Because perhaps another key distinguishing fact about Oberst is how he doesn’t comfortably fall into any genre – something he plays with himself (releasing an “electric” record, Digital Ash In A Digital Urn, in 2005, was one way). There was an eager rush to classify Upside Down Mountain as country-tinged, mostly due to the fact it was recorded in Nashville. But it’s really no more or less country than I’m Wide Awake, It’s Morning, with its guest vocals by Emmylou Harris – and folk influence, certainly, has always been a part of Oberst’s craft.

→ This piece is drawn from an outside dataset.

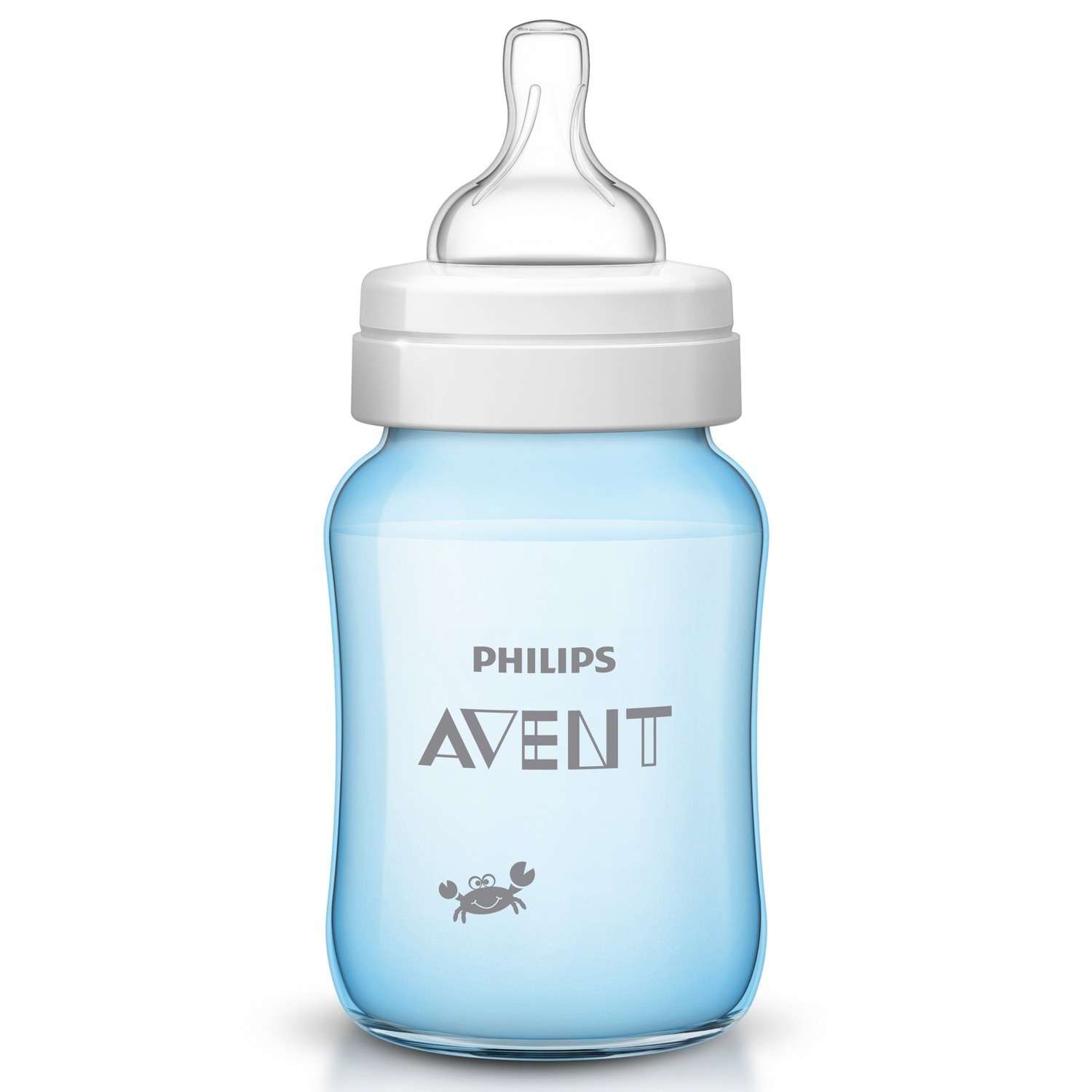 Бутылочка Philips Avent Classic+ SCF573/14 Краб 260 мл с 1 мес+ Голубая (SCF573/14) - фото 3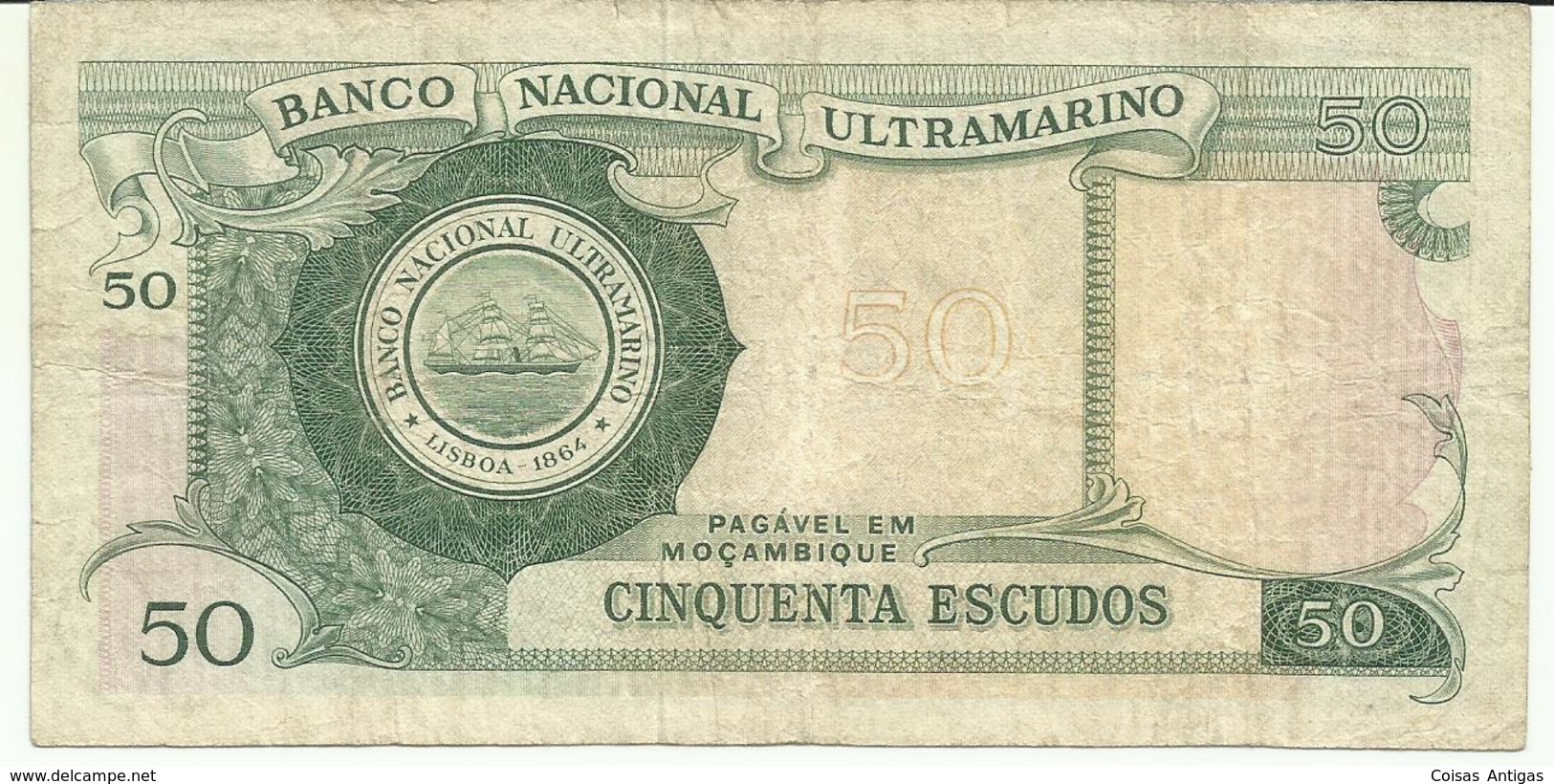 Nota 50 Escudos 27-10-1970 Moçambique S/Sobrecarga - Mozambique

“The album is all over the place, but I wouldn’t describe it as a country album,” he says. “That’s always been in my music to some degree. I try to blend things up so that it doesn’t fall into some Pandora algorithm too easily. I find that model kind of insulting. Things are good not because of a genre, but because they have substance. Just because you like Pearl Jam doesn’t mean you are going to like the other 50 bands that sound like Pearl Jam. To me it’s usually the opposite.”

“Have you ever listened to your own Pandora station?” I’d asked him when we chatted on the phone earlier in March, while he was still in New York.

“I never have actually,” he laughs. “I should try that. I’m sure I will be displeased in some way.”

What’s on the station? The Shins, Modest Mouse, Death Cab for Cutie, the White Stripes, the Postal Service. When I bring this up to Oberst at the Ryman, he leans back in his chair and smirks.

“Kind of like, a late ’90s, early 2000s indie rock vibe,” he says. “At least it’s interesting that it’s bands. I thought it would be guys with guitars,” he adds, feigning a little strum.

“I just find that idea of algorithms suggesting things insulting as a human being. The innovators vs. imitators vibe.”

In fact, it’s Oberst’s intentional desire to stay innovative which keeps him constantly mixing up his musical vehicles – and he intends to remain that way, hesitant to commit to recording solo, as Bright Eyes, or with the Mystic Valley Band, whom he recruited for his eponymous debut and its follow-up, Outer South. “It helps me to keep a fresh outlook to play with different people. I’ve always admired someone like Beck or Neil Young who make a lot of different sounding records but they have enough essence to what they do. I’m like a bad chameleon,” he says, resurrecting a metaphor he’s used before. “I’m trying to wear different outfits, but it’s still me up there.”